Не успел он это вымолвить, прямо перед собой увидел понюшку табаку. Табак был на чем-то красном, шевелящемся, присмотрелся талмудист — а это язык, огромный язык, протянутый из окна женской галереи. Длинный красный язык, а на кончике его — понюшка табаку.

Это ему захотел услужить лантух. Еврей взял табак, а язык исчез.

Хохочущий теленок

Деревенский еврей ехал однажды на подводе в ближайшее местечко справлять Слихес. Ночи в конце месяца элул темные. Осенняя дорога размыта, грязь непролазная. Лошадь с трудом передвигалась, еле вытаскивая ноги из густой липкой грязи. И вдруг слышит еврей, кто-то невдалеке не то блеет, не то мычит. Прислушался — мычит теленок. Еврей слез и по колено в грязи пошел на голос. Подходит, видит: лежит на земле теленок, ноги спутаны. Поднял еврей теленка, понес к подводе, а сам диву дается, до чего тяжелый. Уложил теленка на подводу, едет дальше, радуется находке. Так ехал наш еврей, ехал и даже стал напевать от радости.

Думает, как приедет он в местечко, так отведет теленка к шойхету, разделит мясо, часть отдаст раввину, а остальное продаст — мясо сейчас, в канун праздников, всем нужно. Еврей поминутно оглядывался на теленка и, подстегивая лошаденку, гнал все быстрее и быстрее. Вскоре далеко впереди замелькали огоньки местечка.

Тут он вдруг услыхал сзади страшный хохот, оглянулся — а это теленок. Встал на ноги и громко хохочет человеческим голосом. Потом соскочил с подводы и исчез в ночном мраке. Это был лантух.

Лантух и сапожник

Один сапожник как-то встал зимним утром еще затемно. Он хотел приготовить свой товар, чтобы отвезти его на базар. Сидит, работает, готовые ботинки кладет в мешок.

Вдруг в окно к нему просунулся огромный язык. Язык был такой длинный, что достал до сапожника. Однако сапожник не испугался.

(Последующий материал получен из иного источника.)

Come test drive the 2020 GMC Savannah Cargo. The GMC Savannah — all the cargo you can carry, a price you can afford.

Когда язык, извиваясь и удлиняясь, дотянулся до сапожника и стал лизать ему руки, тот схватил с верстака острый, как бритва, нож, которым он резал толстые подошвы. Взмахнул ножом и отсек кончик языка. Однако язык мигом отрос и снова протянулся к сапожнику.

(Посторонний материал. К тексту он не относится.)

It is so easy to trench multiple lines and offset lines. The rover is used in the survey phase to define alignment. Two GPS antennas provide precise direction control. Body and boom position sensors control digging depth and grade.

Тут сапожник понял, что это с ним лантух шутит, и снова отрезал кончик языка, рассчитывая, что уж тут черт убежит. Ничуть не бывало. Отрезанный кончик языка снова отрос. Это очень понравилось сапожнику. Он стал отсекать кончик языка, и чем больше отсекал, тем длиннее становился язык. Эта игра длилась до света. А как рассвело, увидел сапожник свое горе. Не язык он резал, а ботинки.

Весь товар в куски изрезал.

Лантух в шинке

Недалеко от местечка Волынцы Витебской губернии жил корчмарь по имени Авром-Шмуэль со своей старухой женой. Детей у них не было, так что все их заботы были о корчме. Там все содержалось в образцовом порядке. Большой питейный зал всегда чисто прибран, даже маленькая кладовка, что рядом с залом, и то блистала чистотой. Эту-то кладовку и облюбовал лантух. Лица его никто не видел, но роста он был высокого. Ровно в полночь он выходил из темной кладовки и прямо при людях начинал безобразничать: опрокидывал помойное ведро, сбрасывал тарелки с полок, бил стаканы — словом, наносил всякий вред и убыток. А когда хозяева заходили в кладовку днем, она была пуста, хотя другого входа в нее, кроме как через питейный зал, не было.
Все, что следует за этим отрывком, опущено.